Le staff médical pourrait ainsi privilégier une montée en puissance progressive afin d’éviter tout risque avant un tournoi long et exigeant.
Abdoulaye Seck, l’assurance expérience
Si Koulibaly n’est pas prêt à débuter, Abdoulaye Seck apparaît comme une alternative crédible aux côtés de Moussa Niakhaté.
À 34 ans, le défenseur expérimenté a souvent répondu présent lorsque la sélection avait besoin de lui. Solide dans les duels aériens, agressif sur le porteur du ballon et habitué aux grands rendez-vous, il représente une option rassurante.
« Abdoulaye Seck n’a jamais déçu le coach.
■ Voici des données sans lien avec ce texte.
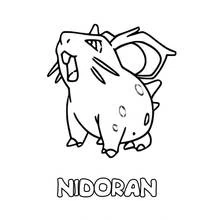 Nidoran standing with mouth open coloring page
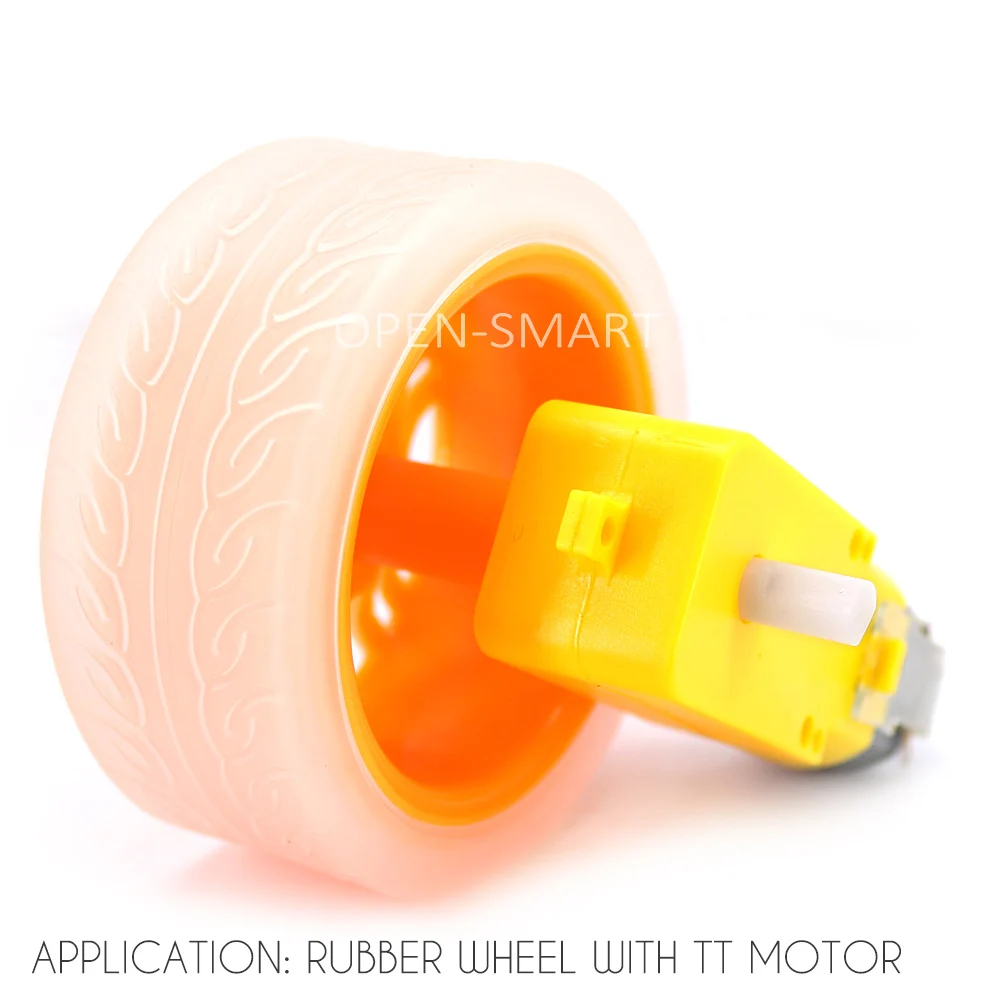 4 шт. прозрачный желтый 65*27 мм модель смарт-автомобиля носимые резиновые колеса плотно прилегают с мотором TT для Arduino Smart Car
Qu’il soit titulaire ou remplaçant, il a toujours livré de très bons matchs », estime Locotte.
Autre avantage : son profil s’adapte aussi bien à une défense à trois qu’à une défense à quatre.
Mamadou Sarr, la jeunesse qui pousse
À seulement 20 ans, Mamadou Sarr s’impose progressivement comme l’un des grands espoirs défensifs du football sénégalais.
Très utilisé lors des récents matchs amicaux, il a formé plusieurs associations défensives, notamment avec Abdoulaye Seck contre les États-Unis et Moussa Niakhaté face à l’Arabie saoudite.
Déjà présent lors de la CAN 2025, le jeune défenseur a démontré une vraie maturité malgré son âge.
« On compte beaucoup sur lui. Il a énormément de potentiel et l’a déjà montré avec la sélection », souligne Boubacar Sarr.
Mais une Coupe du monde représente un autre niveau d’exigence, avec des matchs à très haute intensité tous les trois jours.
Le choix le plus logique contre la France ?
À l’heure actuelle, le scénario le plus probable semble être un duo Kalidou Koulibaly – Moussa Niakhaté, à condition que le capitaine soit jugé suffisamment apte physiquement.
Dans le cas contraire, Abdoulaye Seck pourrait être privilégié pour son expérience et sa fiabilité, tandis que Mamadou Sarr représenterait une option plus audacieuse, tournée vers l’avenir.
Une certitude demeure : face à la puissance offensive française, la solidité défensive du Sénégal pourrait largement conditionner les chances des Lions dans ce premier grand test mondial.